A district court handed down suspended jail terms ranging from 20 to 22 months to the unnamed operators, along with two years’ probation and fines of 100,000 rubles each—roughly $1,270. The Rabochy Put news outlet reported the verdicts this week.

According to prosecutors, the trio launched their poker club in January 2023 and kept it running until September 2024, when a major multi-agency raid brought operations to an abrupt halt. The takedown involved the Investigative Committee, Russian National Guard, Federal Security Service, and Ministry of Internal Affairs working together. Which tells you something about how seriously Russian authorities take underground gambling.

High Security Operation

The operators weren’t amateurs. Natalya Zueva, spokesperson for the Investigative Committee’s Smolensk branch, explained they maintained tight security protocols and made all strategic decisions about tournament scheduling and formats themselves. Officers seized gambling equipment, cash, and documentation from multiple locations during the raids.

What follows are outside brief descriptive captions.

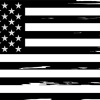 Ripped American Flag Black And White
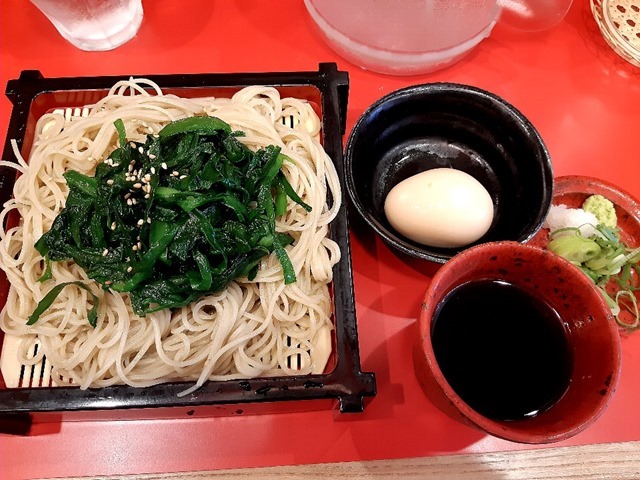 ニラ蕎麦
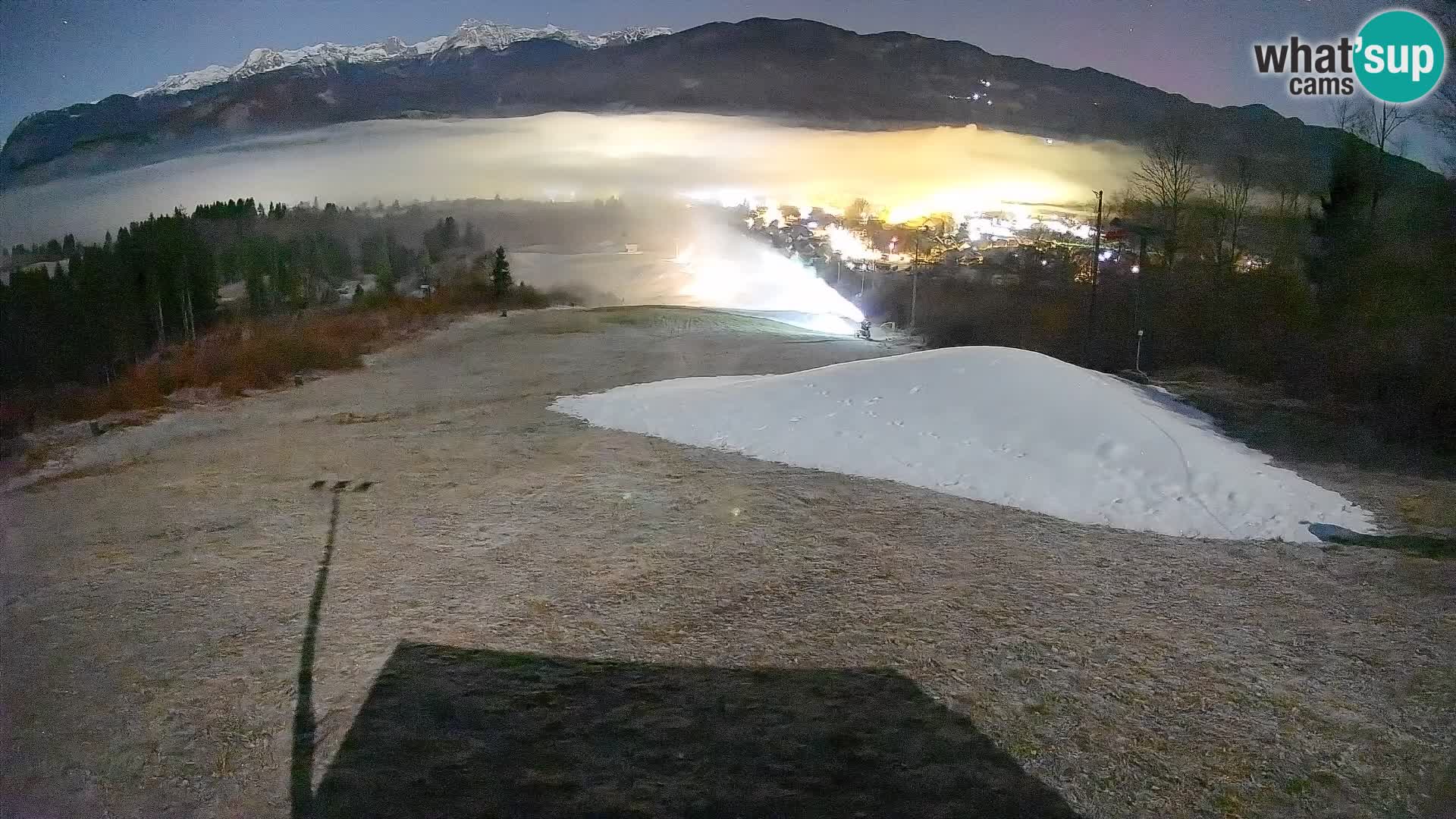 Webcam Bohinjska Bistrica – Vista live dalla stazione sciistica Kozji Hrbet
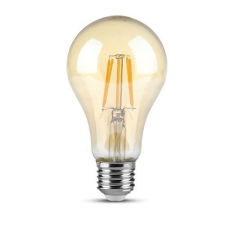 V-tac LED lámpa , égő , izzószálas hatás , filament , körte , E27 foglalat , 4 Watt , meleg... izzó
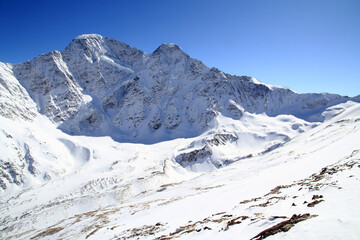 View of the southern slopes of Cheget Mountain, Prielbrusye, Caucasus
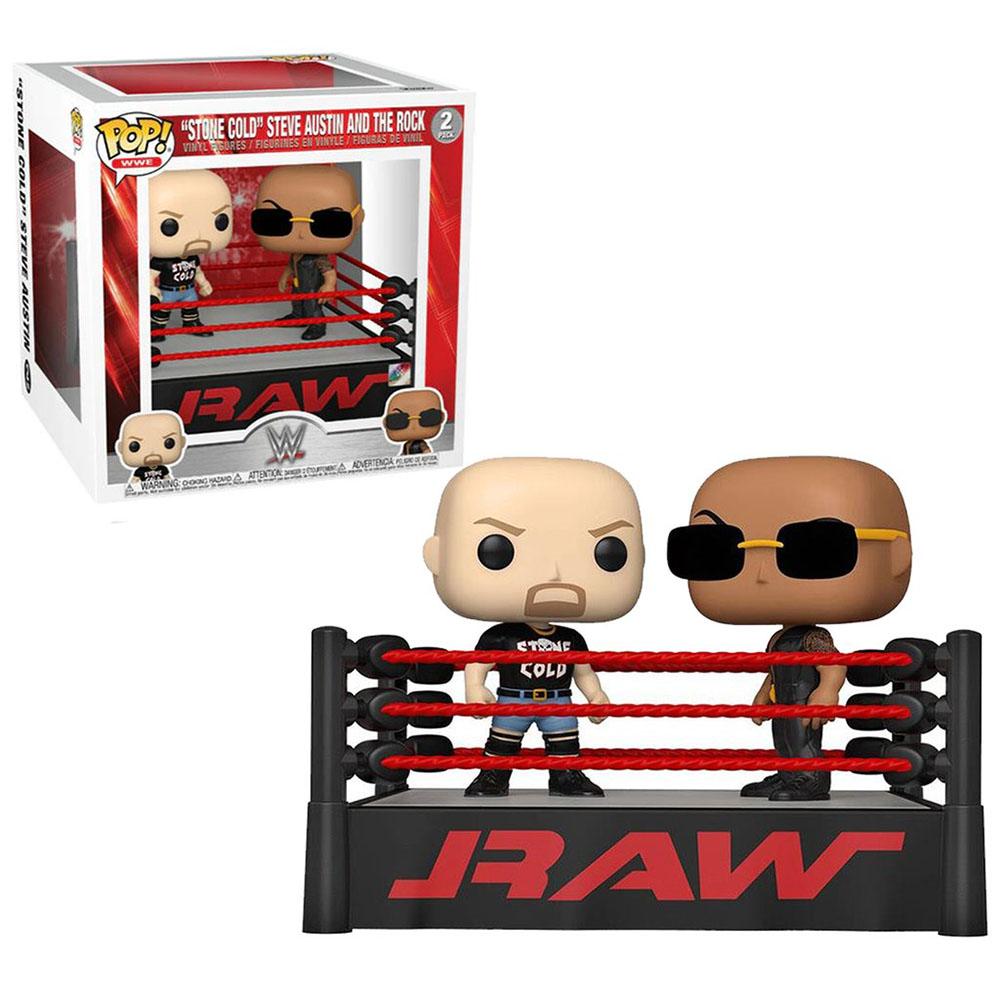 Foto 4 pulgar | Figura Wwe Stone Cold Steve Austin And The Rock Funko Pop 2 - S028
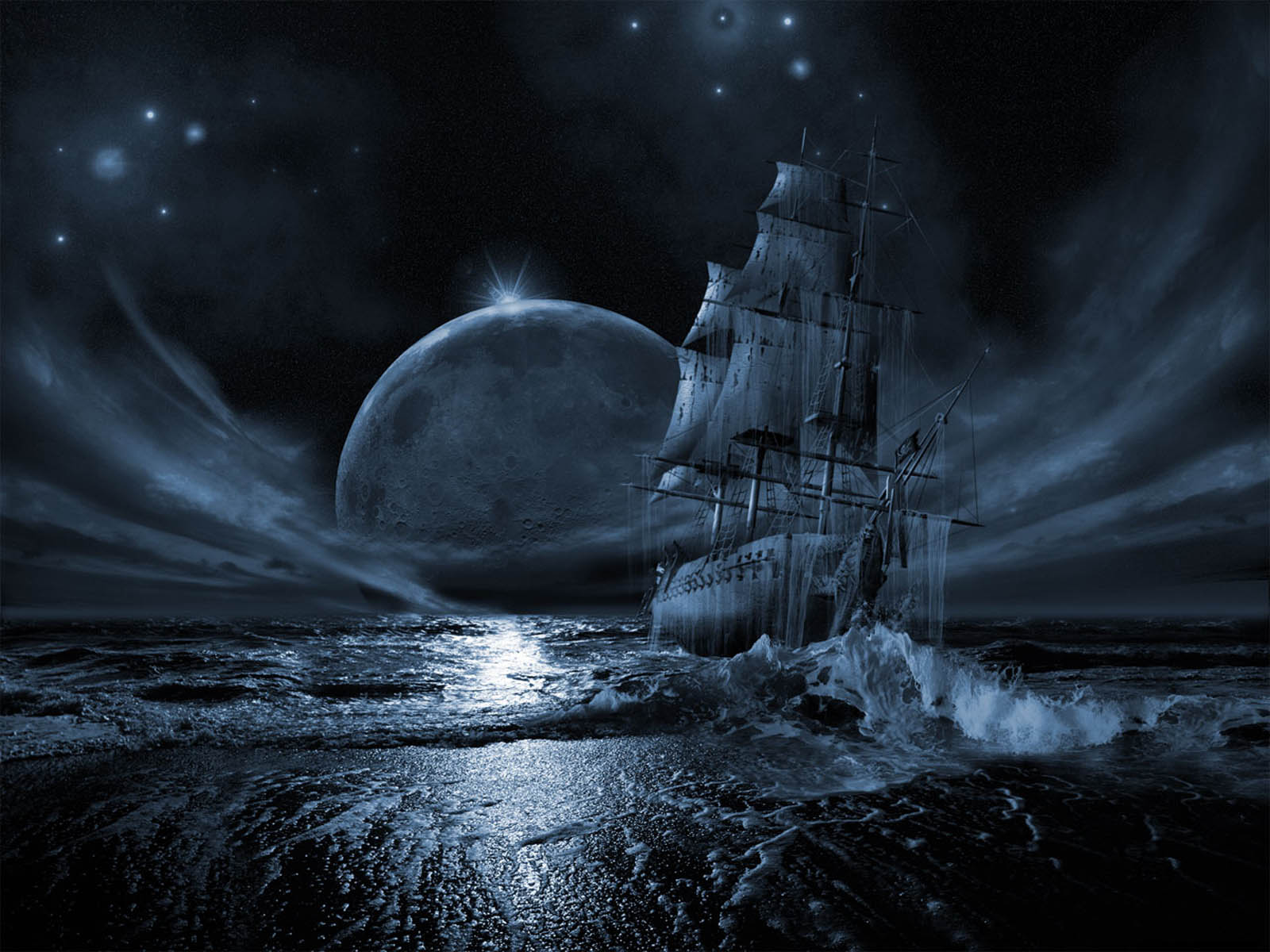 Pirates Ship iPad Wallpapers Free Download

The club used premises belonging to both a cafe and a hotel complex in Smolensk’s Industrial District. When officers moved in, they caught players mid-game at the tables. One bloke tried to leg it from the scene and got himself arrested.

Growing Problem in Smolensk

This prosecution fits a broader pattern in Smolensk, a city about 360 kilometres west of Moscow that’s seen illegal gambling establishments multiply over the past couple of years. Last year alone saw another betting club busted in the same Industrial District, this one screening overseas poker games alongside card-based gambling.

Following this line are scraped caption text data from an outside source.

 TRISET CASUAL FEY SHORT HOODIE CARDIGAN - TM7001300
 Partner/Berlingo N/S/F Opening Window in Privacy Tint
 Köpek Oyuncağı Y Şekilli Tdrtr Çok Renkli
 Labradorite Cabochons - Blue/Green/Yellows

That operation ran from November 2023 to May 2024 out of a shopping centre unit and apparently attracted a well-heeled clientele—local business figures and media personalities included. The 47-year-old woman running that show cut a deal with prosecutors, receiving a two-year suspended sentence and a fine exceeding $2,500.

Harsher Penalties Elsewhere

The Smolensk defendants got off relatively lightly compared to casino operators in other Russian cities. Just last month, the Traktorozavodsky District Court in Volgograd sent eight people down for running an illegal casino network, with sentences ranging from three to 18 years in actual prison.

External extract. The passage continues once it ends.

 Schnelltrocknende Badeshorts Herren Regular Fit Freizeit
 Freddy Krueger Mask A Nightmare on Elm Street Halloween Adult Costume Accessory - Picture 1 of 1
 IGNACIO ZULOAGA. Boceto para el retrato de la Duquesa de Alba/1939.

The disparity in sentencing likely reflects differences in scale and organisation. Running a poker club that meets periodically is one thing. Operating a full casino network is quite another in the eyes of Russian courts, particularly when you consider the country’s strict approach to gambling regulation outside designated zones.

Russia permits legal gambling only in four specially designated zones. Operators elsewhere face serious criminal consequences if they try to circumvent the law. The suspended sentences in Smolensk suggest the court viewed these operators as small-time rather than serious organised crime, but the message from authorities remains clear enough: stay within the legal framework or face the consequences.